Of all the different types of tourism out there, community tourism can be of particular interest to foreigners coming to a country that has a diverse set of long-standing cultures. In Ecuador, there are many opportunities for community tourism, but the one being run by Fundación Kawsay in Saraguro is especially interesting, though more catered to groups or families.
Saraguro refers to both the town located between Cuenca and Loja and to its surrounding canton, which consists of many small communities that inhabit a total of 31,000 people. Some of these communities include Ilincho, Namarín, Tuncarta and Las Lagunas. The town and canton is named for the indigenous group (also called Saraguro) who inhabits the area, the only indigenous group in the province of Loja to survive the Spanish conquest. Saraguro is a primarily agricultural-based community; each family has its own organic garden and animals and live off of their own land for sustenance.

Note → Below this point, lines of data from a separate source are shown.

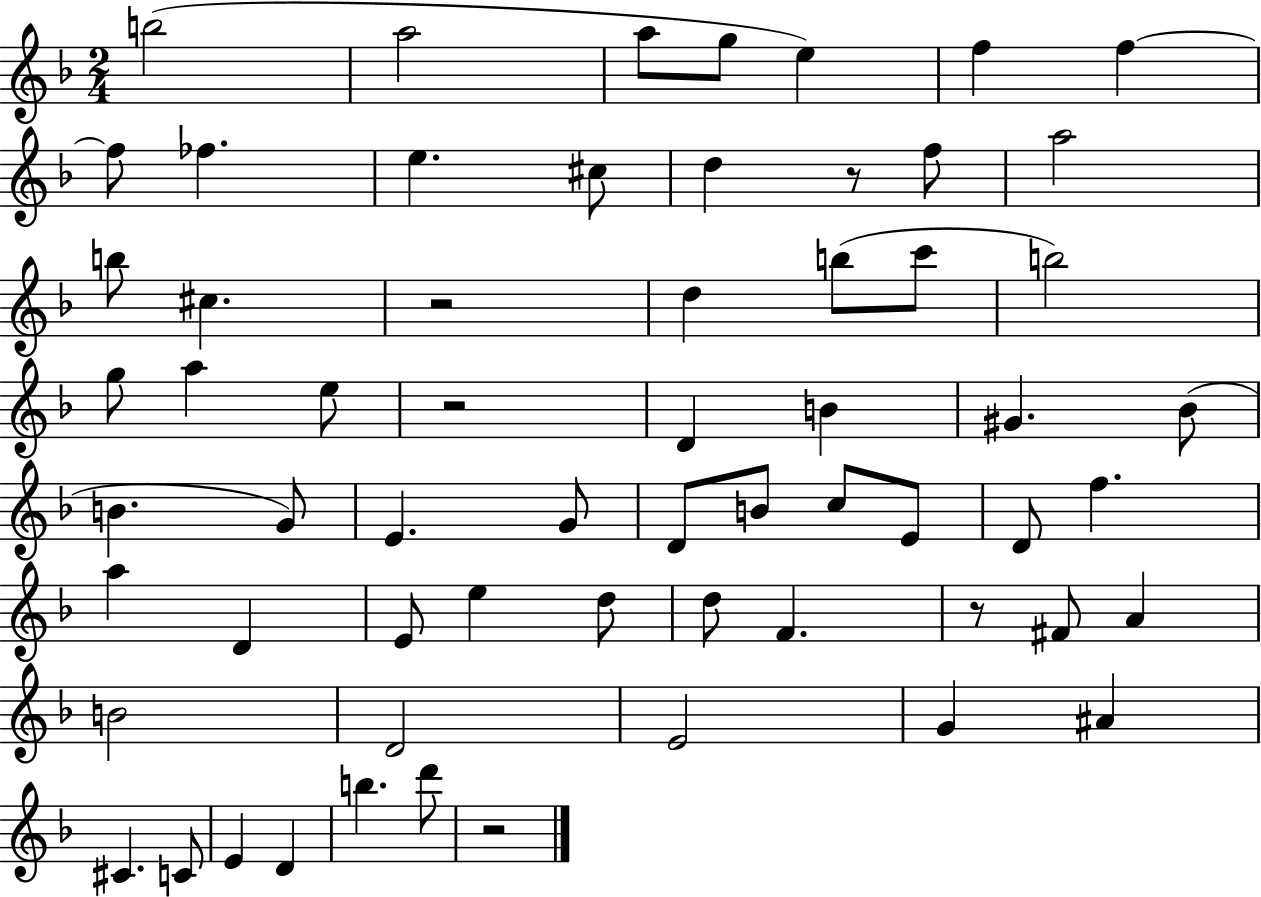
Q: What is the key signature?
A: F major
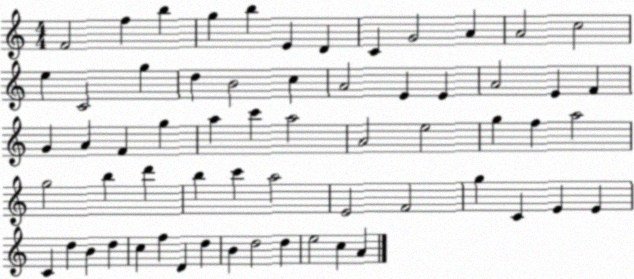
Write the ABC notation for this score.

X:1
T:Untitled
M:4/4
L:1/4
K:C
F2 f b g b E D C G2 A A2 c2 e C2 g d B2 c A2 E E A2 E F G A F g a c' a2 A2 e2 g f a2 g2 b d' b c' a2 E2 F2 g C E E C d B d c f D d B d2 d e2 c A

Some attribute the Saraguros’ ability to preserve their culture so well to their strong nuclear families, their alternative education system where kids learn about traditions and culture before they learn how to recite the alphabet, and purity, as most do not marry outside of their communities. Saraguros are also known for their distinct dress, where men where cropped pants and ponchos and women wear long black pleated skirts, black shawls and intricate beaded necklaces, and both wear brimmed black hats and their hair in one long braid.
Visiting the communities is not possible independently, so if you have an interest in touring them or arranging a home stay with a local family, you need to contact the only tour operator in town, Sararku, which works closely with Fundación Kawsay. Staying with a family is a unique experience to peek into the lives of Ecuador’s best-preserved indigenous culture and share in some of the family’s daily tasks. The people in Saraguro are very friendly and open to answering questions about their lifestyle. Alternatively, you can stay in the community-run hostel, Hostal Achik Wasi, which has pretty views of Saraguro from above.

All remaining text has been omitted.